EktoTherix™: regenerative tissue scaffold for repair of surgical excision wounds17th Jul 2013

EktoTherix™: regenerative tissue scaffold for repair of surgical excision wounds
The problem

The incidence of non-melanoma skin cancers has been growing worldwide by at least 5% per annum for the past 40 years. Therefore the simplification and enhancement of treatment together with associated healthcare cost savings are key clinical and budgetary needs for healthcare providers worldwide.

The technology

EktoTherix™ is a bioresorbable “tissue scaffold” material that assists in patient tissue repair and regeneration. The product is formed via a polymer electrospinning process, and the highly porous scaffold structure supports the migration and proliferation of fibroblasts from surrounding healthy skin tissue by providing cells with a 3D architecture of ultra-fine fibres along which to migrate and populate the wound space (see images). Having done its job, the scaffold structure begins to break down and the fibres are completely resorbed by the healing tissue after approximately four weeks.

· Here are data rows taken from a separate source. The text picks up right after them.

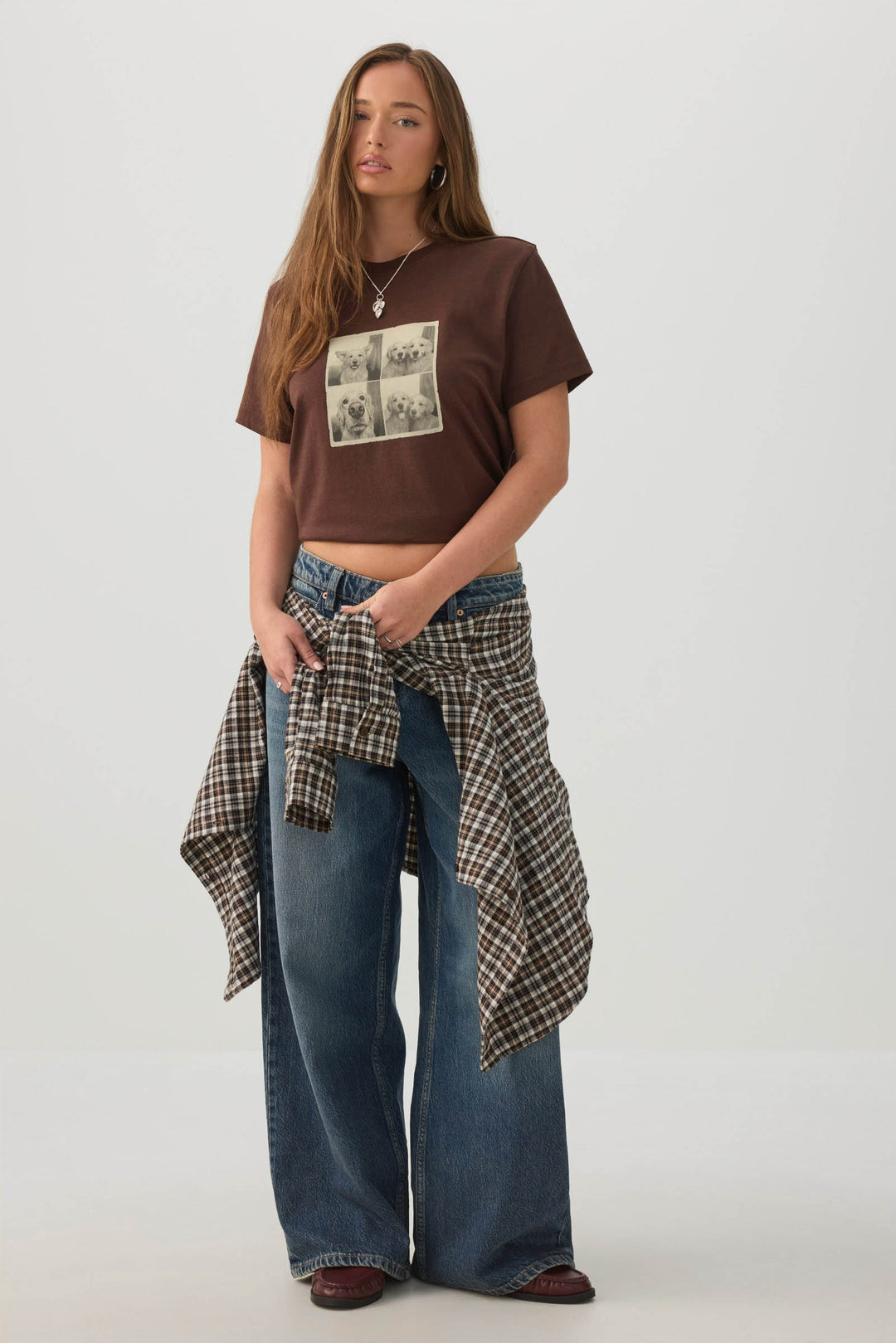 Crew Neck Graphic T-shirt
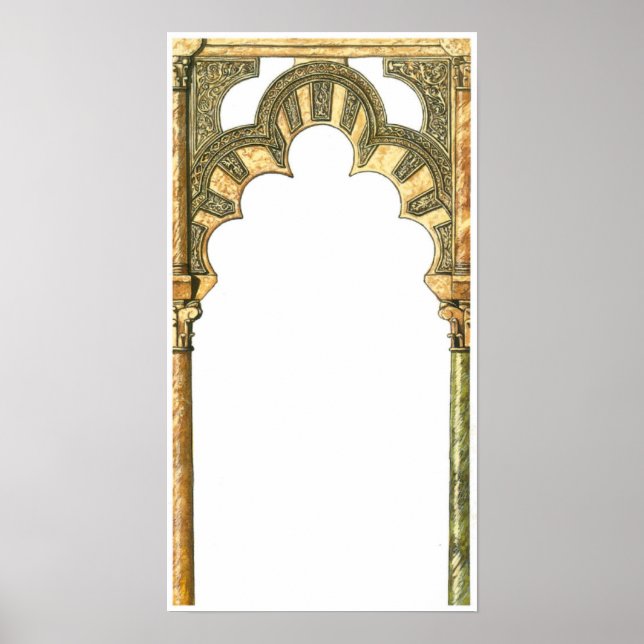 Moschee von Cordoba Spanien. Kalifat arch Poster (Vorne)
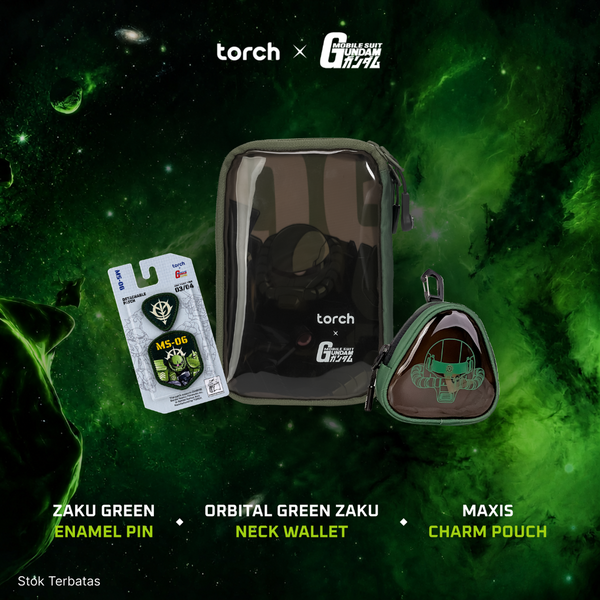 Green Zaku Accessory Set (Include Sticker Gundam)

The EktoTherix™ patch is applied following excision of the basal or squamous cell carcinoma, and this rapidly allows the wound space to be filled with (and then covered by) the patients’ own skin cells. EktoTherix will thus provide improved repair (simplification of treatment and enhanced patient outcomes). Neotherix’ initial clinical target concerns the post-surgical treatment of non-melanoma skin cancers and the repair of other “acute” wounds such as lacerations and surgical wounds. Potentially, EktoTherix also has applications for the treatment of chronic wounds.

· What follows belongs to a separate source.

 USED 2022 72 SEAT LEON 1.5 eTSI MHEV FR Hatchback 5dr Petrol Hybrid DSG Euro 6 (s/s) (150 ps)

Through two rounds of funding from the Technology Strategy Board (TSB) Regenerative Medicine programme, we have demonstrated the ability of EktoTherix to repair wounds and facilitate blood vessel formation to ensure good tissue viability using an industry-standard pre-clinical wound model and have developed EktoTherix to demonstrator/proof of concept stage.

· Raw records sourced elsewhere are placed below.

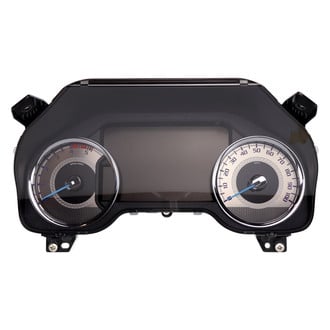 US Speedo® - Stainless Steel Gauge Face Kit with Purple Numbers, 100 MPH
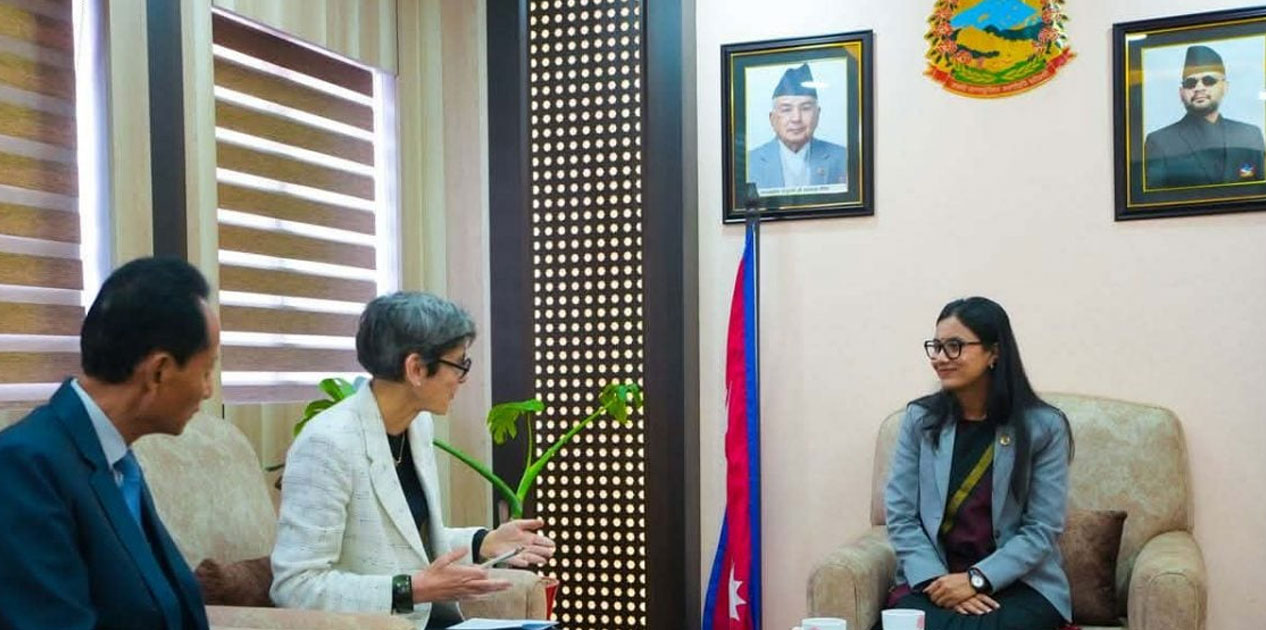 कानुनमन्त्री गौतम र स्वीस राजदूतबीच द्विपक्षीय सहकार्यबारे छलफल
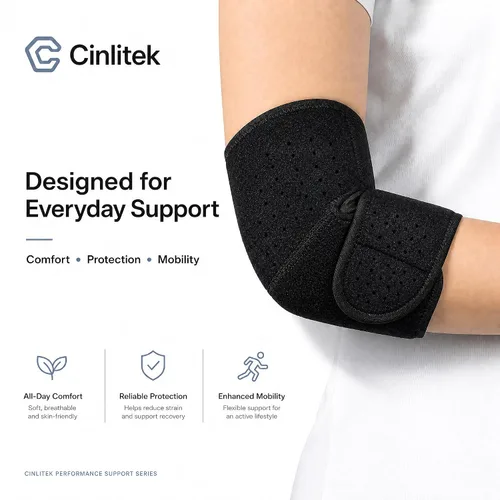Vista 7 de Codera ajustable para hombres y mujeres, alivio instantáneo del dolor para codo de tenis, codo de golfista, tendinitis y artritis, soporte avanzado
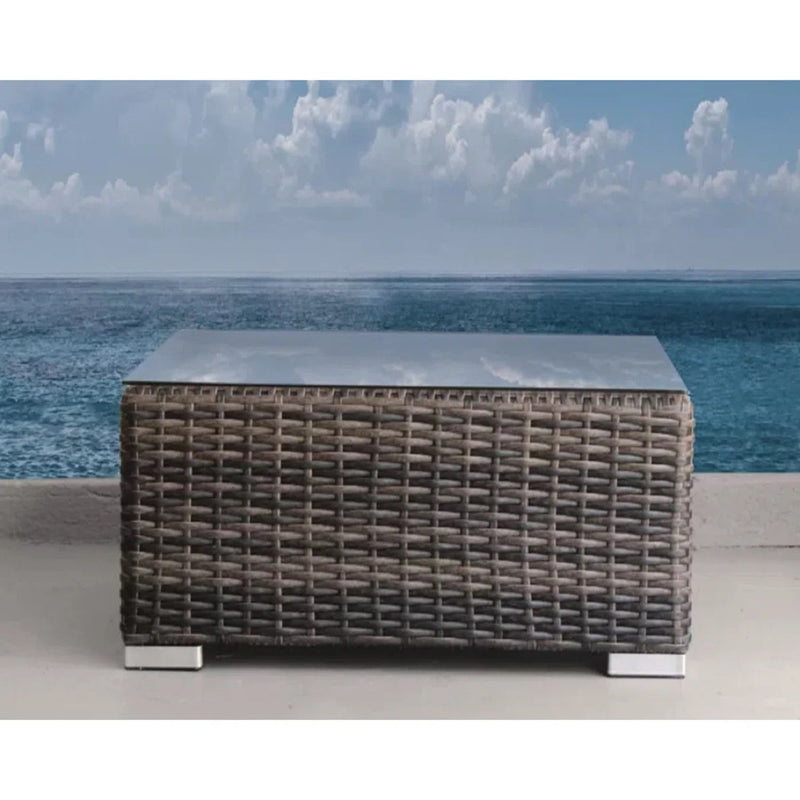 Outdoor Wicker Conversation Set With Cushions, All Weather - R&R Furniture Gallery (Fountain Valley, CA)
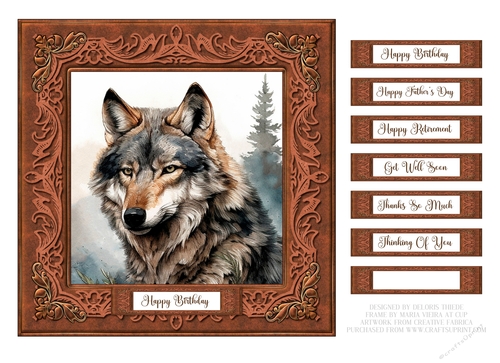 Brown Wolf Birthday/Fathers Day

The EktoTherix consortium has since secured further TSB funding to take the therapy into the final development stage of clinical trials. The ongoing Developing Therapeutics 2 project will run until August 2014 and will include all the steps needed for a development product to be approved for first in man clinical trials (scheduled for early 2014) and for the submission of a CE mark application. Target for market launch is mid-2015. The estimated global market for EktoTherix is over £850m per annum.